___ SUPPLIED MATERIAL
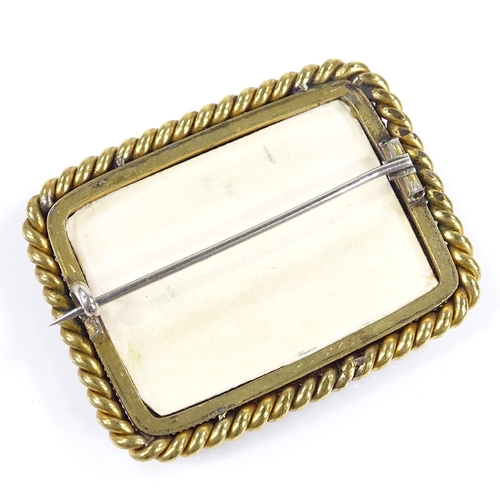 466 - A rectangular floral painted porcelain panel brooch, in unmarked yellow metal rope twist frame, broo... 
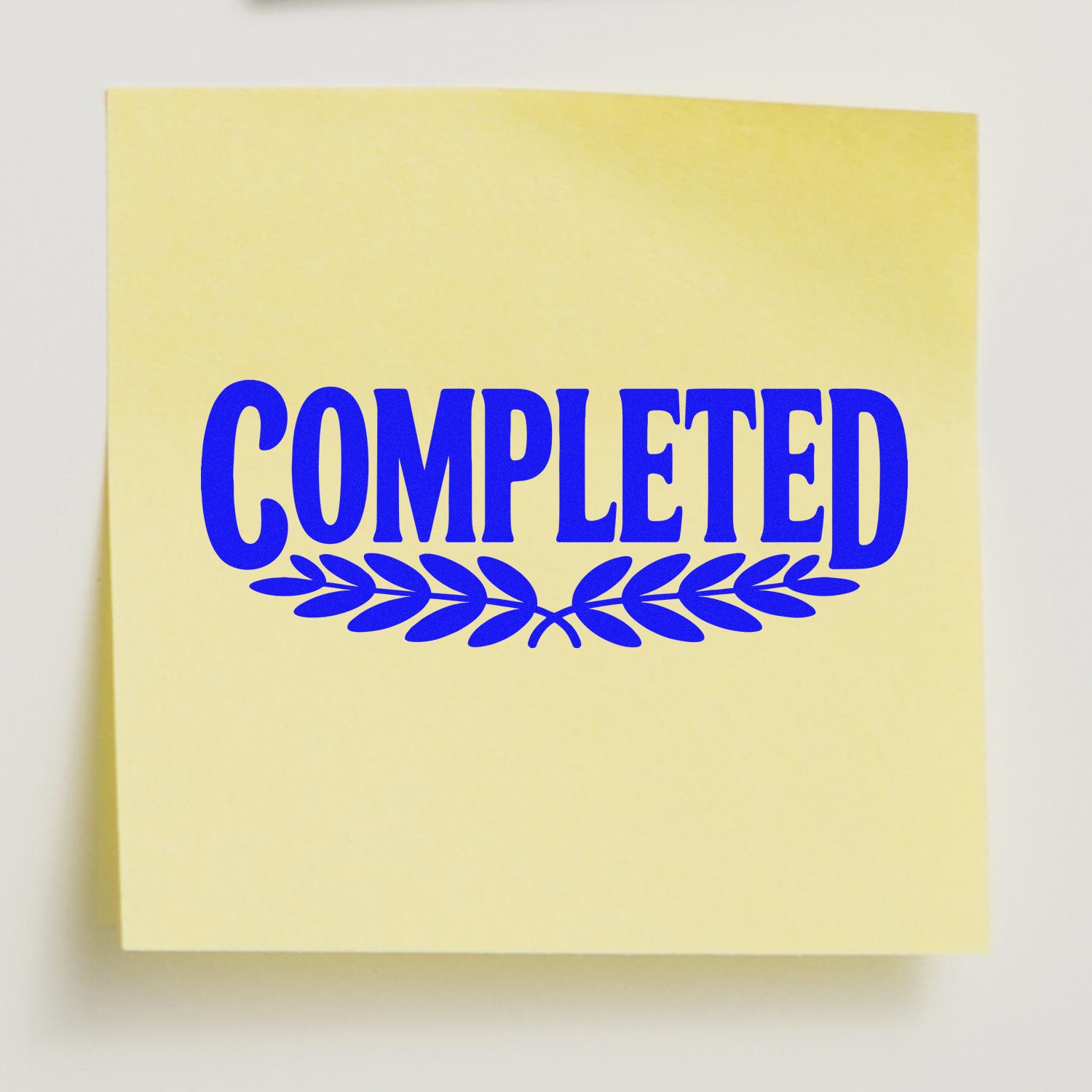 Yellow stamp seal with bold blue COMPLETED text and laurel wreath design on a pale sticky note.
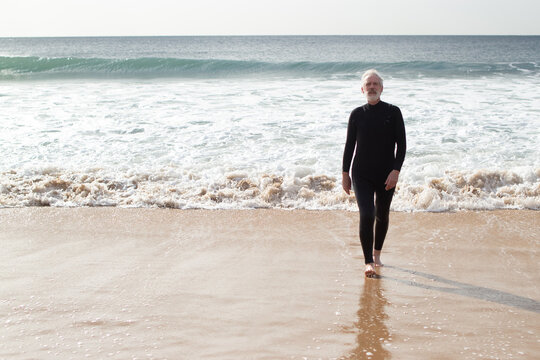 Serious aged man having active rest near sea. Sporty grey-haired man in wetsuit going out of sea after swimming walking barefoot looking at camera. Sport and healthy lifestyle of aged people concept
______
#### DIRECTIONS
With pictures left out, transcribe each line from the one containing "Yellow stamp seal" through the end of the data, both ends included.

#### OUTPUT OF THE TASK
 Yellow stamp seal with bold blue COMPLETED text and laurel wreath design on a pale sticky note.
 Serious aged man having active rest near sea. Sporty grey-haired man in wetsuit going out of sea after swimming walking barefoot looking at camera. Sport and healthy lifestyle of aged people concept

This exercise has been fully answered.